Le serpent à la poitrine pointue

Le hokpi de Muscogee—

             fuski (Monstre du
                   Loch Ness)
                       est arrivé ici
                          par le Campement des
                                Sauk et Fox;
                                  à travers le sol alluvial
                                     de Gombo, fouettant
                                        arrachant des racines
                                     d’arbres géants;
                                  a labouré profond
                               de sa poitrine pointue.
                            Venu se reposer à
                         Tuskeegi Town, s’est enterré 
                      dans un lac de
                   boue pour récupérer. Les
                guerriers de Tustanuggi    
             ont reçu l’ordre de tirer
           sur lui avec une flèche à
       pointe d’argent. Rugissant
      et se soulevant Le
    Serpent continua ;
  ondulant par Okmulgee
 pour entrer dans (Okta hutchee)
la South Canadian River*.
 D’où son voyage
 labouré, que les Creeks
   appelèrent (Hutchee
    Sofkee) Deepfork
     River1.
       L’un, Cholaka,
          observa que le Serpent
            avait des pouvoirs hypnotiques.
              Pouvait attirer une personne
                dans un vortex
                  tourbillonnant. Il
                    sonnait
                       comme une
                          cloche
                             en argent
                                teinte.
                                       O
                                           k
                                               i
                                                  s
                                               c
                                           e.

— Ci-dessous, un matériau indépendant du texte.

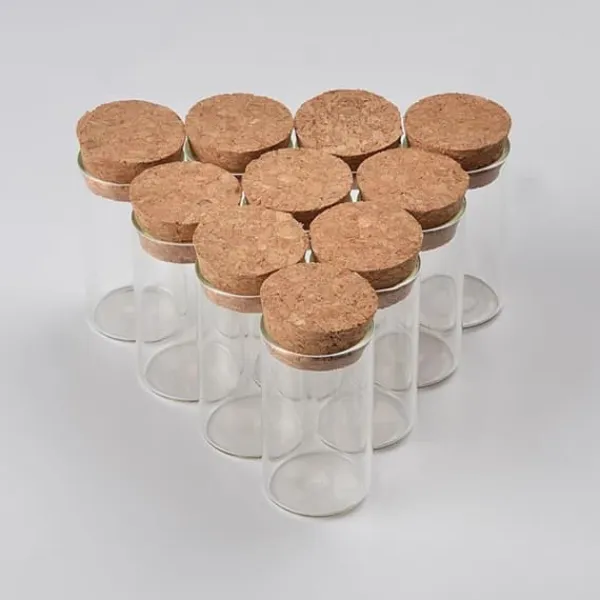 Honningkrukker>20 stk. 15 ml lille 30*40 mm gennemsigtig glasflaske med kork, tom håndværksmæssig dekorativ flaske til mad, safrankrukke, lille flaskekrukke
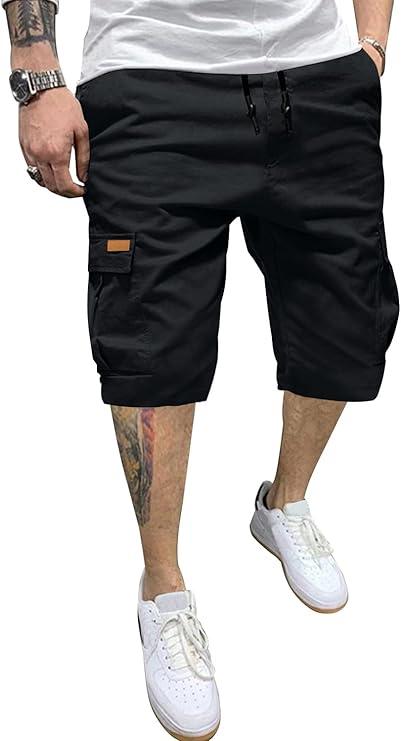 JMIERR Mens Casual Twill Cargo Shorts Cotton Drawstring Classic Cargo Stretch Short with 6 Pockets 2XL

Feu le poète Mohawk Maurice Kenny avait écrit cet article pour rendre hommage à la mémoire de Louis Little Coon Oliver, et il avait commencé en le citant : « Je ne gaspille pas ce qui est sauvage ».  Puis il poursuivait ainsi : « À moins qu'il ne s'agisse d'une investiture présidentielle américaine, le New York Times publie rarement un poème original. Il y a des années, c'était un excellent moyen de gagner une poignée de dollars rapidement. La page Op Edpubliait en permanence des poèmes, de poètes tels que Frances Frost et Louis Ginsberg ; souvent d'actualité, parfois lyriques, la plupart du temps brefs. Une joie supplémentaire pour combattre les nouvelles déprimantes du jour. Ces poèmes et ces poètes désormais manquent aux lecteurs du Times.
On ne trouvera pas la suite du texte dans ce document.